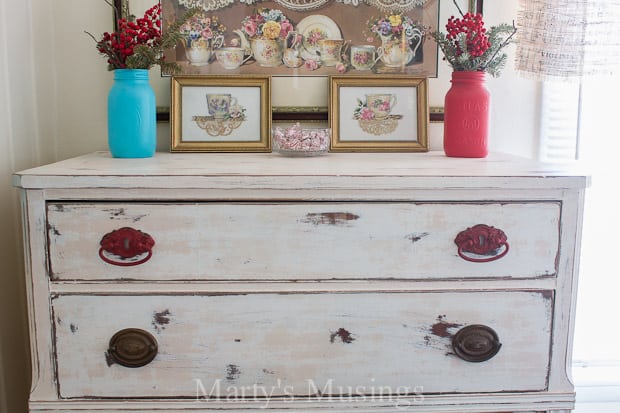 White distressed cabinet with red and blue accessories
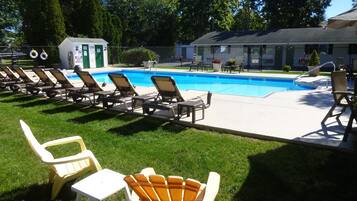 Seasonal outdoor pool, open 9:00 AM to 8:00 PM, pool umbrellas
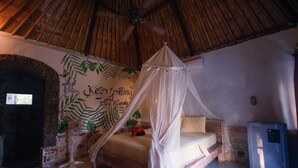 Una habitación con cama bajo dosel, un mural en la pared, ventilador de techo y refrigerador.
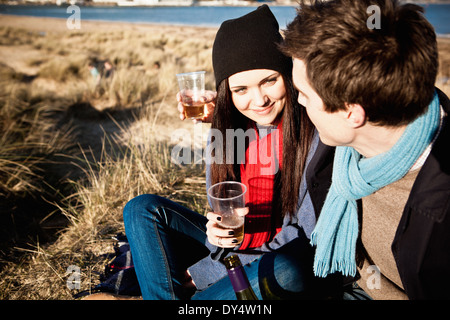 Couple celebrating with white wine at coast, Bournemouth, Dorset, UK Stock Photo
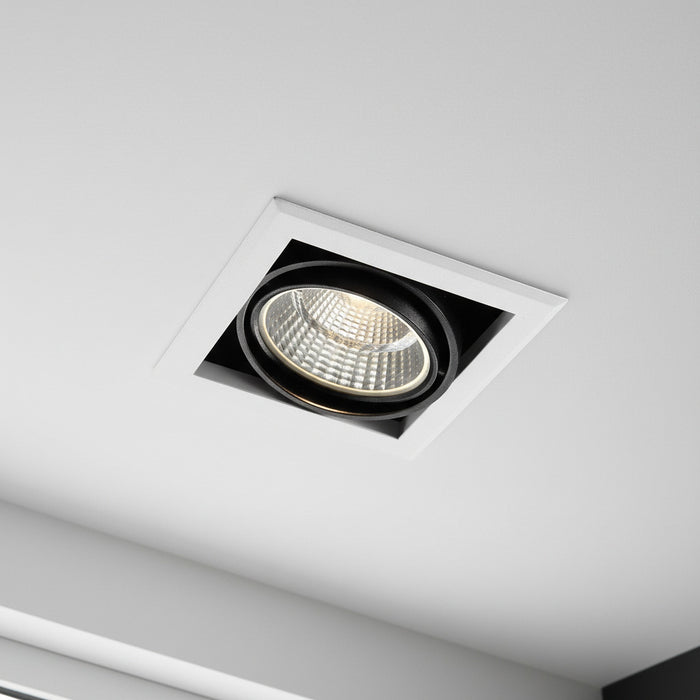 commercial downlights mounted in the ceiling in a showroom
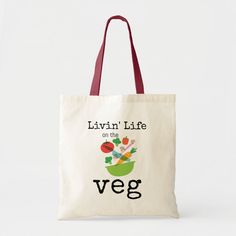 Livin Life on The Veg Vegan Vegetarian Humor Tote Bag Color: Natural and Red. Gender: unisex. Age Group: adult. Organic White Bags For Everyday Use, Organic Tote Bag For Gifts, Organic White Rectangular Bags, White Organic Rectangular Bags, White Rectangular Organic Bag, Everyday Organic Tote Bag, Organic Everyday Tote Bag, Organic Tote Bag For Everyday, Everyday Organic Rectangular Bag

:::::

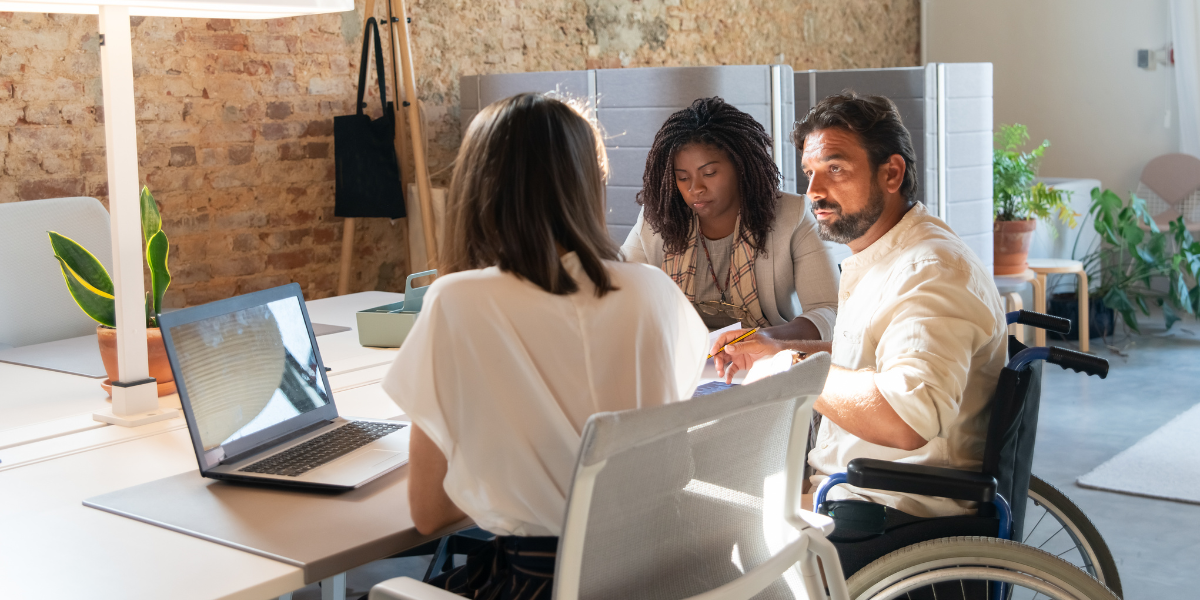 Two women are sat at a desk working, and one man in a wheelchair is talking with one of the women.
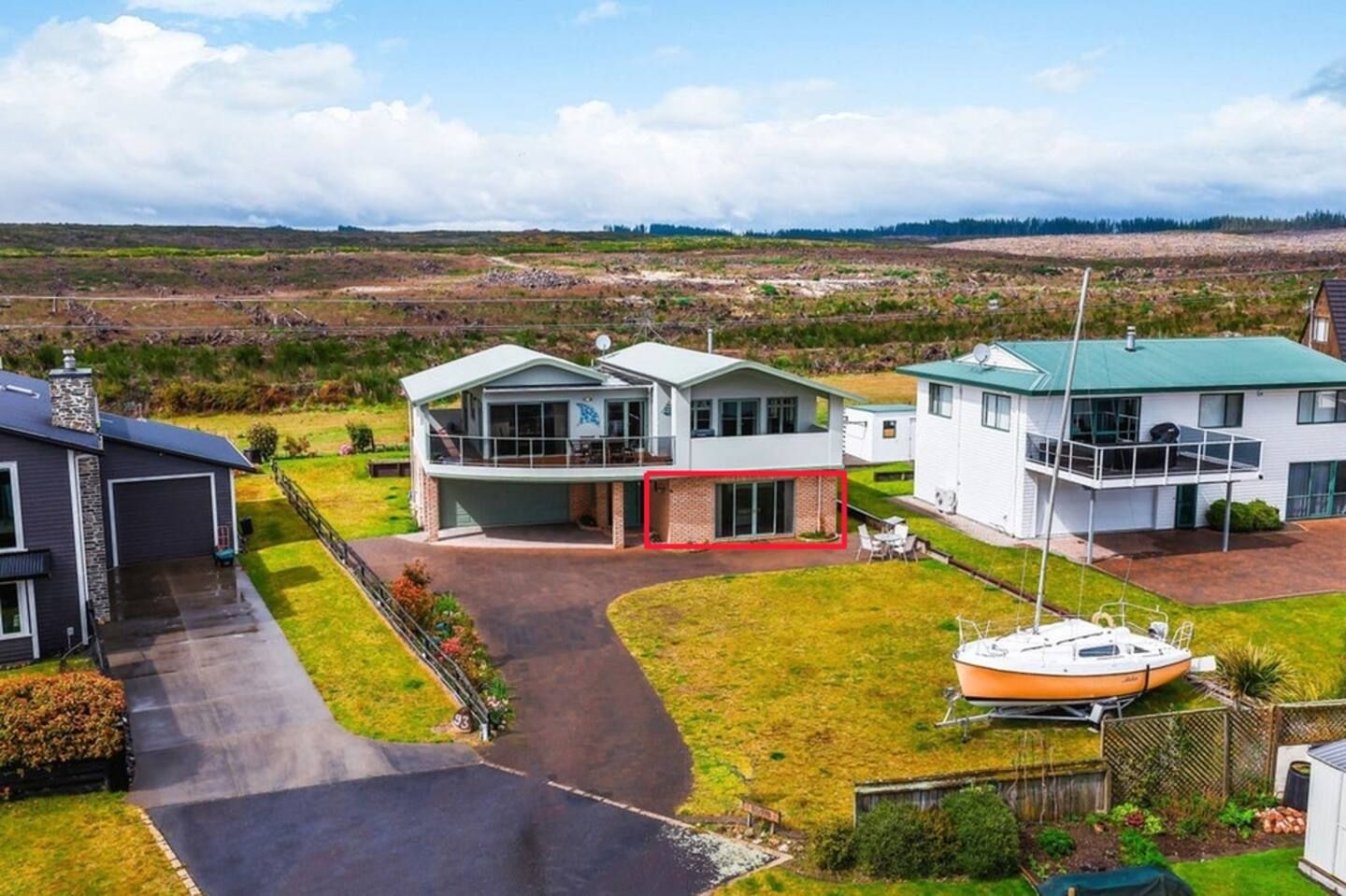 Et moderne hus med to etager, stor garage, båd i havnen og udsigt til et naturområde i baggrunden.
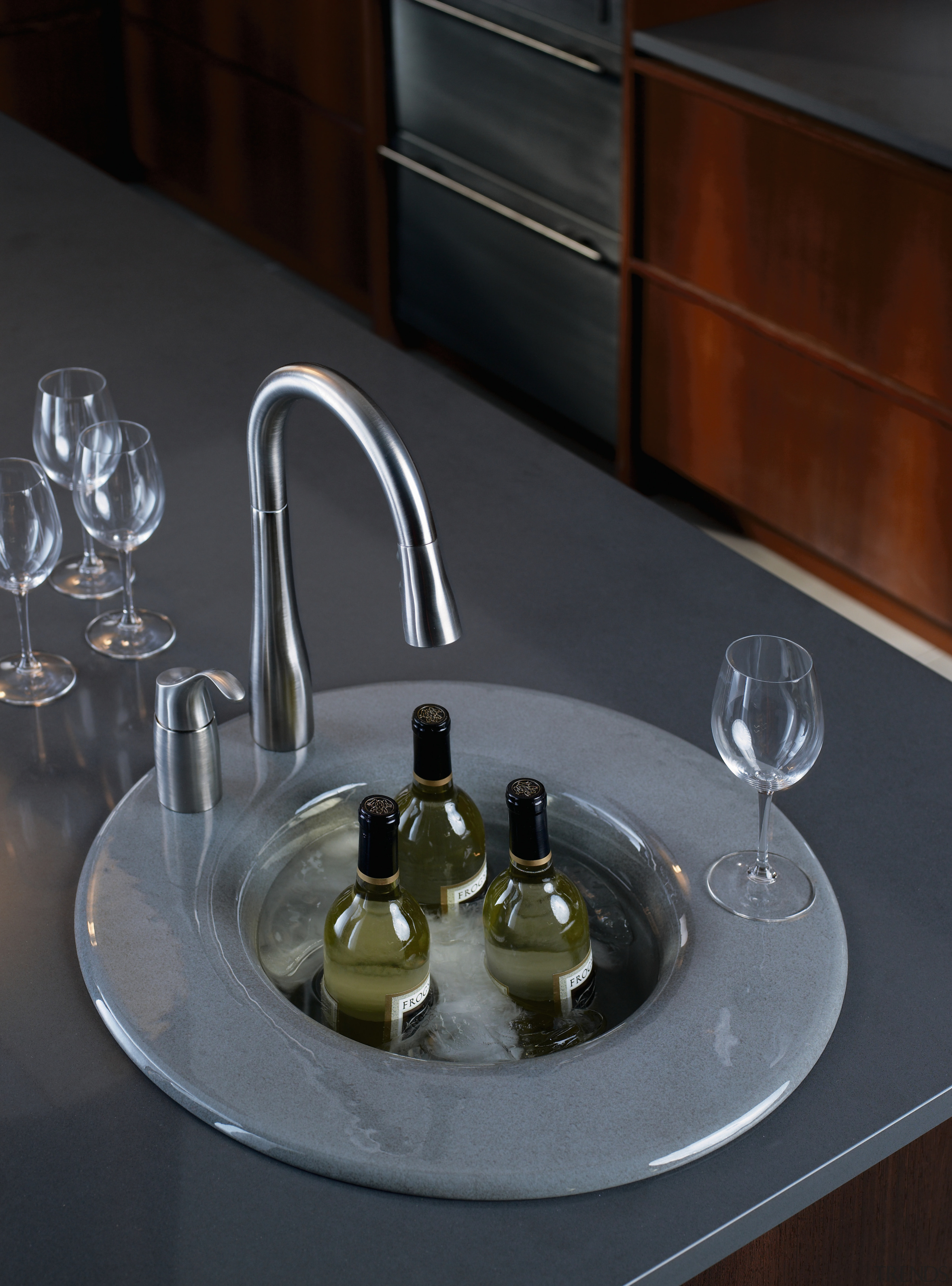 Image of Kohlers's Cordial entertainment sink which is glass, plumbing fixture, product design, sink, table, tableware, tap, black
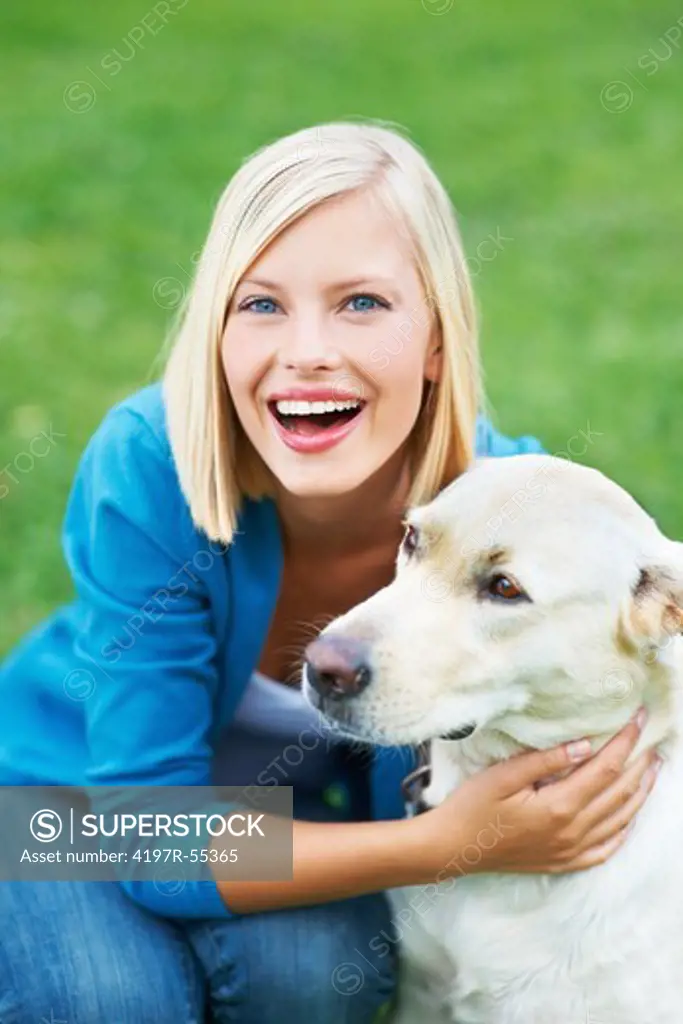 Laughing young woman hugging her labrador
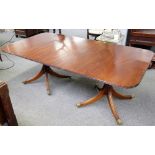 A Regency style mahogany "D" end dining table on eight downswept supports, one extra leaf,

:::::

* **Work instruction**: Write out again exactly the lines above from the one with "commercial downlights mounted" through the one with "Livin Life on", adding no other lines and no pictures.

* **Answer for this exercise**:
 commercial downlights mounted in the ceiling in a showroom
 Livin Life on The Veg Vegan Vegetarian Humor Tote Bag Color: Natural and Red. Gender: unisex. Age Group: adult. Organic White Bags For Everyday Use, Organic Tote Bag For Gifts, Organic White Rectangular Bags, White Organic Rectangular Bags, White Rectangular Organic Bag, Everyday Organic Tote Bag, Organic Everyday Tote Bag, Organic Tote Bag For Everyday, Everyday Organic Rectangular Bag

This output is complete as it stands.